=== Section Start ===

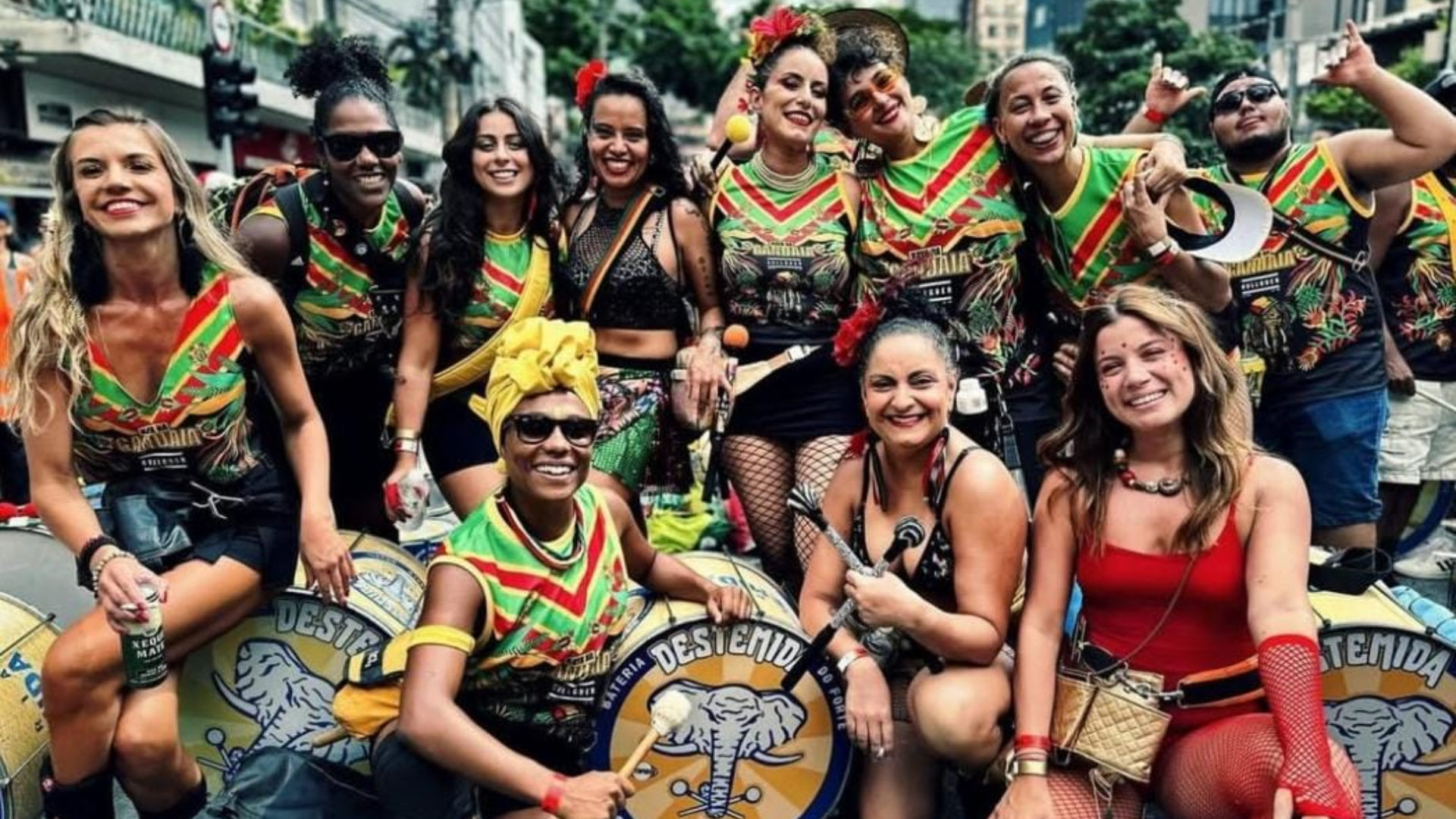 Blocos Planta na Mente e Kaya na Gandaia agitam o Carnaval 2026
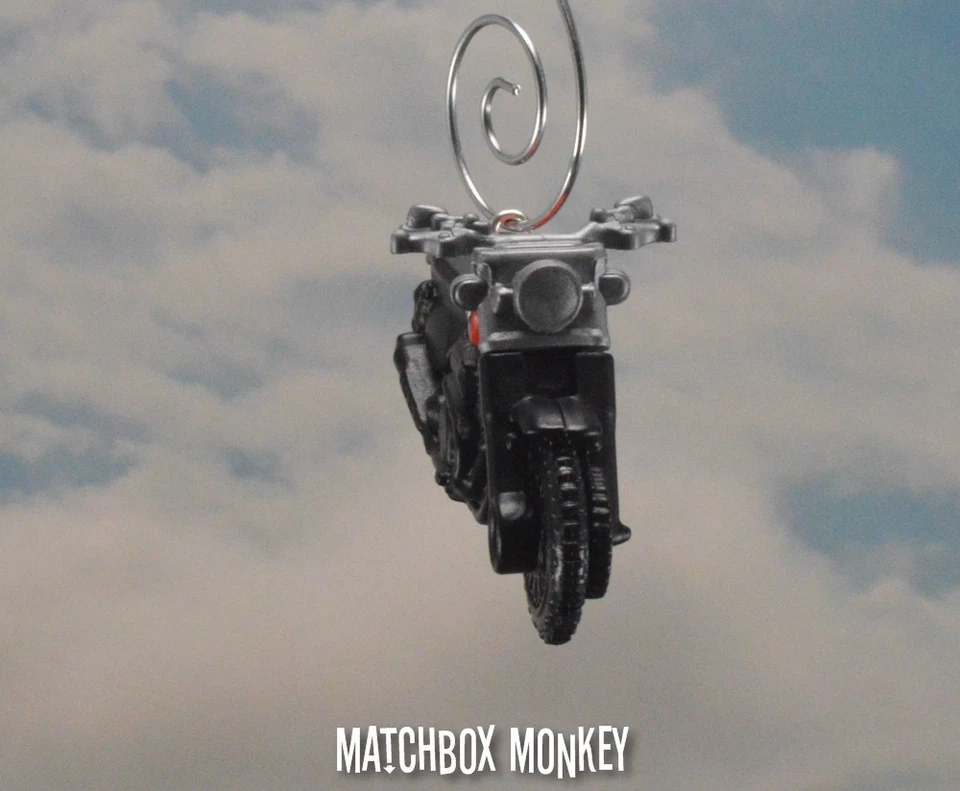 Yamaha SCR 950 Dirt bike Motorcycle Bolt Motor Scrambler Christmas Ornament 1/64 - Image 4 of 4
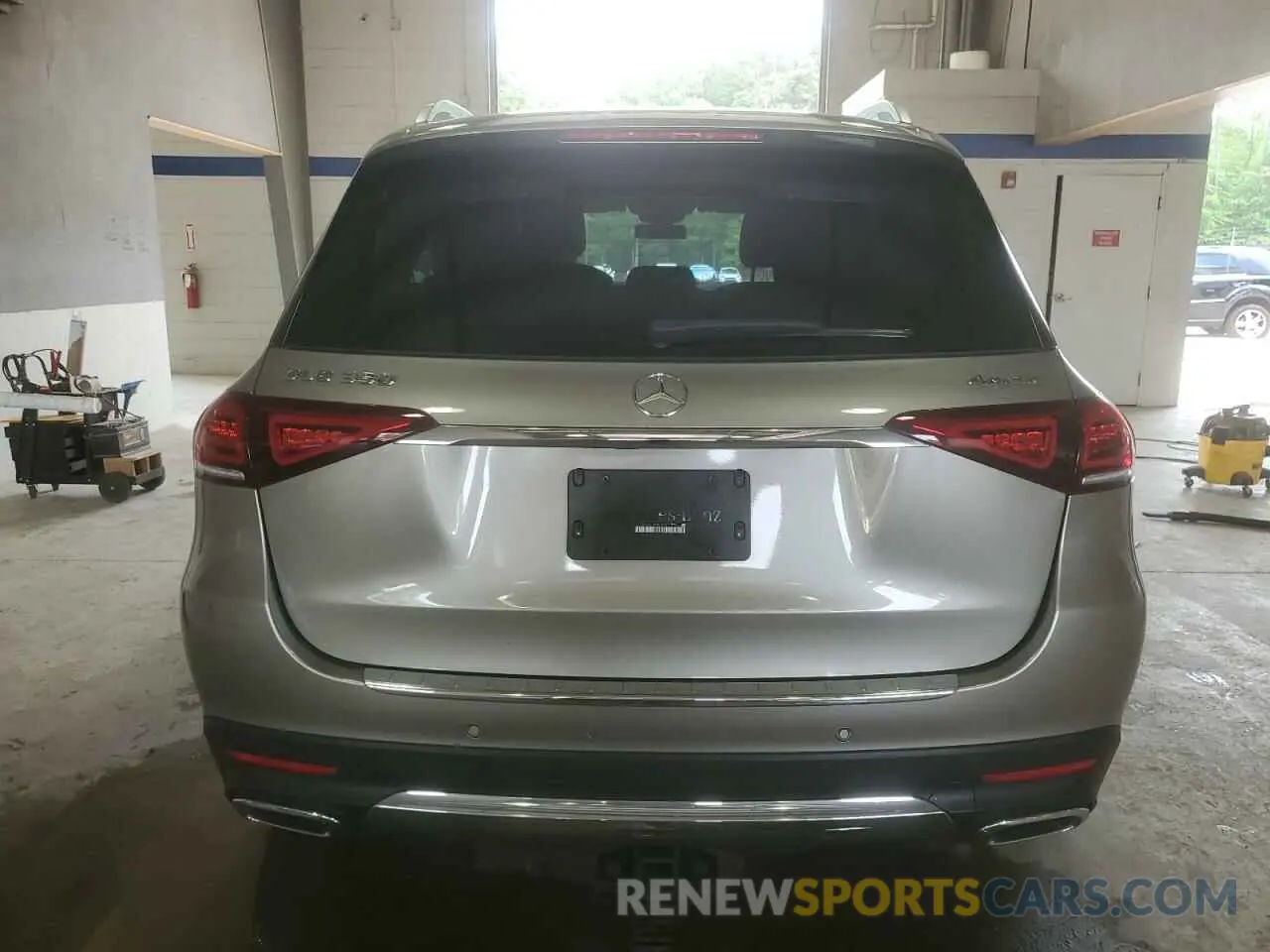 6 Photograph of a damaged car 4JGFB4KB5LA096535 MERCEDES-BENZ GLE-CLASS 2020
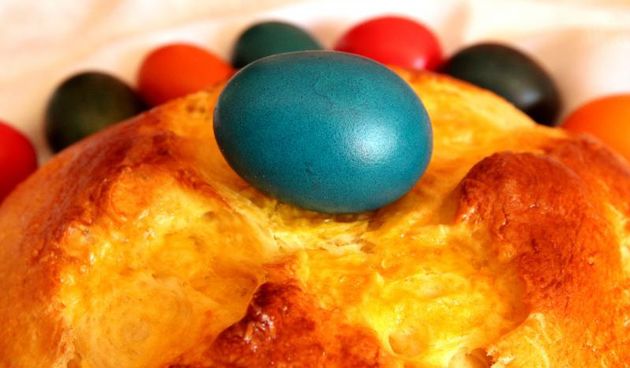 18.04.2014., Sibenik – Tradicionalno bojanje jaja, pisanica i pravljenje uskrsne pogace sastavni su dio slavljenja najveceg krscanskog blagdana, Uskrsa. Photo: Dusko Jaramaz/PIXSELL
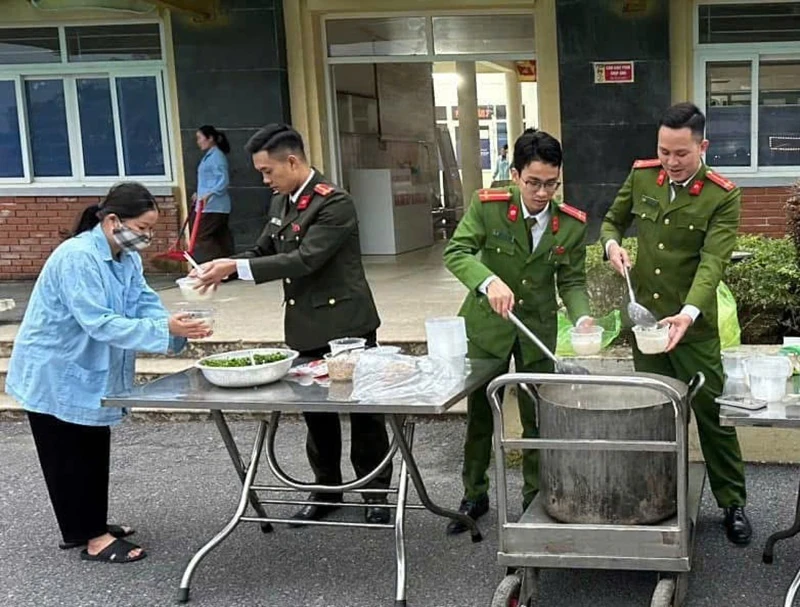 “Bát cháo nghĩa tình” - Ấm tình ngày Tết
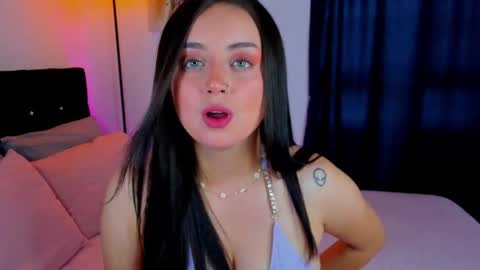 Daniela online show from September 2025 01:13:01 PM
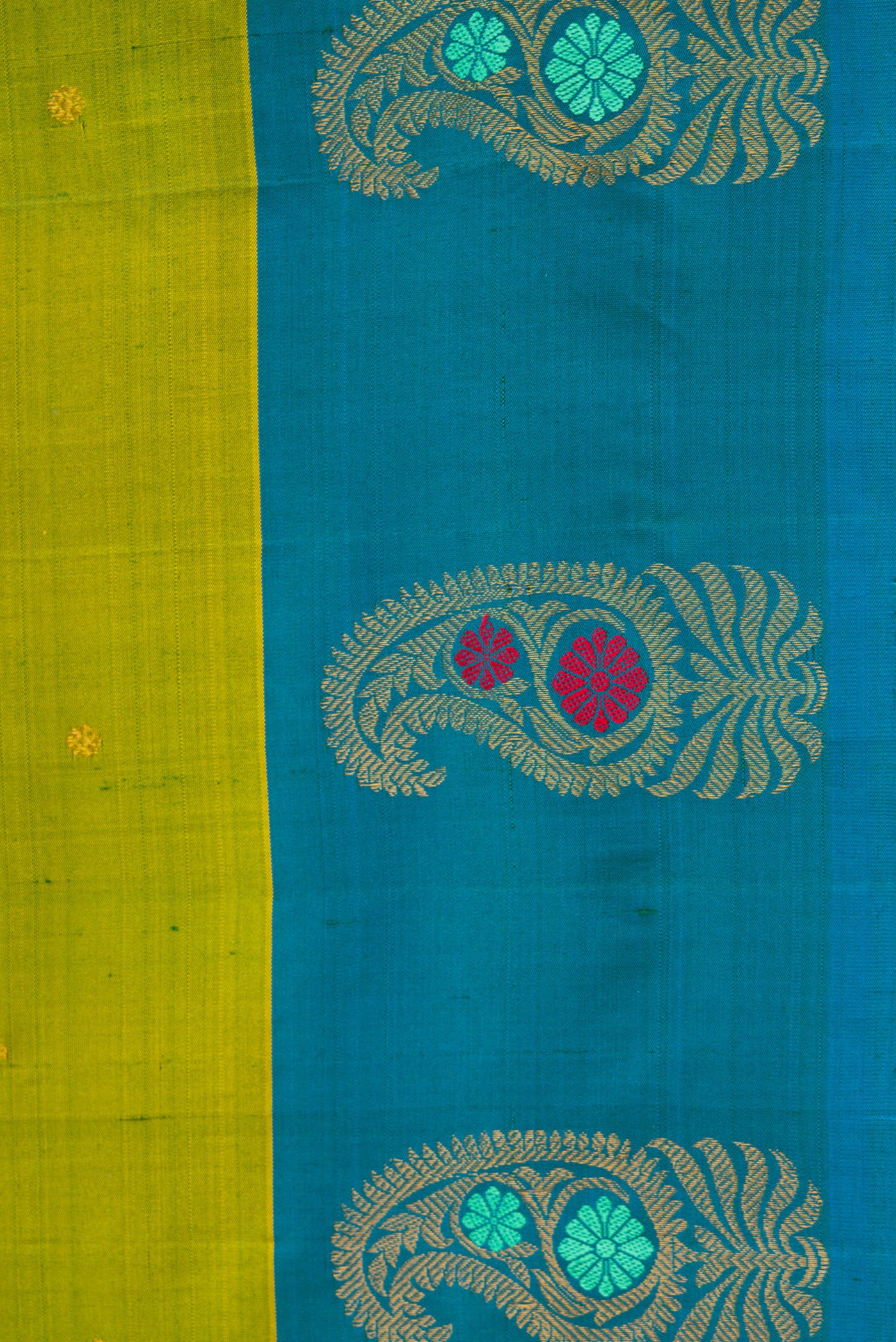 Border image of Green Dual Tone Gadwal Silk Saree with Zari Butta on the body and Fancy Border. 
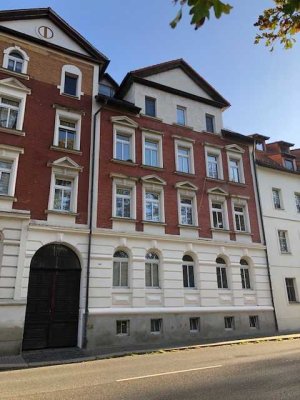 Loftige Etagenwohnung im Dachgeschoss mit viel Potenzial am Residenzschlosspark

=== Section End ===

→ Task details
Set down each record above exactly as it stands and leave out all pictures.

→ Result of the exercise
 Blocos Planta na Mente e Kaya na Gandaia agitam o Carnaval 2026
 Yamaha SCR 950 Dirt bike Motorcycle Bolt Motor Scrambler Christmas Ornament 1/64 - Image 4 of 4
 6 Photograph of a damaged car 4JGFB4KB5LA096535 MERCEDES-BENZ GLE-CLASS 2020
 18.04.2014., Sibenik – Tradicionalno bojanje jaja, pisanica i pravljenje uskrsne pogace sastavni su dio slavljenja najveceg krscanskog blagdana, Uskrsa. Photo: Dusko Jaramaz/PIXSELL
 “Bát cháo nghĩa tình” - Ấm tình ngày Tết
 Daniela online show from September 2025 01:13:01 PM
 Border image of Green Dual Tone Gadwal Silk Saree with Zari Butta on the body and Fancy Border. 
 Loftige Etagenwohnung im Dachgeschoss mit viel Potenzial am Residenzschlosspark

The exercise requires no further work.